# How much tire wobble allowed on a brand new mtn bike?



## Photoray (Feb 24, 2014)

Just bought a new Trex Xcaliber 7 with stock Bontrager tires but when I got it home 2 days ago, I noticed the tires don't roll in a perfect straight line. there is at least 1/8 inch or so of wobble. Is this acceptable for a new bike or does the bike shop need to fix this?

I have not taken the bike back to them yet. I got the feeling the bike shop rushed the bike through because they are claiming they are so busy.


----------



## Harold (Dec 23, 2003)

low end tires commonly have wobble. Most bikes sold off the floor have cheaper tires. you can make a stink about it or just accept it. you won't notice it off-road. On pavement, you might if it's bad enough.

Also, make sure the bead is seated evenly all the way around the circumference of the rim on both sides. Uneven bead seating is a more common cause of the wobble you're seeing, so be sure to check it. If this is your issue, you can lower the tire pressure until you can use your hand to make sure it seats all the way. Alternatively, you can inflate the tire near its max pressure, bouncing the bike on the ground. SOMETIMES this works and you don't have to use a bunch of muscle to get it to seat. Once the bead is seated correctly once, it's usually easier to get it seated properly in the future (say if you have to change a tube).


----------



## justwan naride (Oct 13, 2008)

I would worry about it, it's not uncommon that tyres are a bit off. If your rims are nice and true you're fine. I doubt you'd ever be able to feel it with your eyes closed.


----------



## Photoray (Feb 24, 2014)

They bike was ordered and they put it together. I wondered if just the tires were the issue or not. The bike will be road on pavement 50% of the time.

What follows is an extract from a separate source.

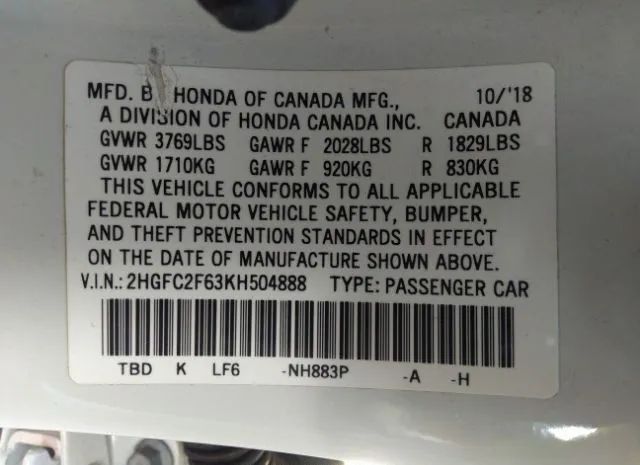 Photo 8 VIN: 2HGFC2F63KH504888 - HONDA CIVIC SEDAN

Thank you NateHawk and Justwan, I will give that a try. I didn't want to go back whining over something if its trivial.


----------



## EABiker (Jun 24, 2004)

Make sure the wobble is caused by the tire, and not the wheel. You can attach a cable tie or a bread twisty to the fork, then adjust it so it barely touches the rim. Spin the wheel slowly and watch the gap between the cable tie/rim. If the wheel is out of true, that gap will change.


----------



## Photoray (Feb 24, 2014)

Took a closer look. The rear wheel is causing its wobble. The front is just the tire. 
They did tell me to ride it a while as I would have cable stretch to settle, then they would adjust the cables if needed after that.

In your opinion, will it hurt anything to ride it as is until the 3 month tune up or would you take it back now?


----------



## Harold (Dec 23, 2003)

If a wheel true is part of that free tune, then I'd let them take care of the wheel then. Unless it's really bad, a slight wobble to the rim won't hurt anything. My rear wheel is even slightly out of round from an impact on a rock several years ago. Doesn't hurt anything. This is one of the advantages of disc brakes. Your rim doesn't have to be in perfect shape for good brake performance.

Some shops will true the rims when the bike is first built, but it's not uncommon for wheels to need re-truing anyway after they're ridden even after that extra work, so some shops will just do the true at the first tune.


----------



## Photoray (Feb 24, 2014)

OK, that puts my mind at ease. Thanks.


----------



## slapheadmofo (Jun 9, 2006)

Photoray said:


> OK, that puts my mind at ease. Thanks.


Yeah, not a big deal. I don't think I've ever had a wheel that didn't have at least an 1/8" of wobble in it (and sometimes quite a bit more), even back in the days of rim brakes. Just one of those things that go along with mtbs IME.


----------



## wahday (Mar 23, 2012)

Agreed. A little wobble is acceptable and will not be noticed most of the time. And it will not damage the wheel. I would wait until the 3 month tune-up as some other things are likely to need attention by then. Better to be out of a ride once than to be taking it back in every week.


----------



## Photoray (Feb 24, 2014)

> Better to be out of a ride once than to be taking it back in every week.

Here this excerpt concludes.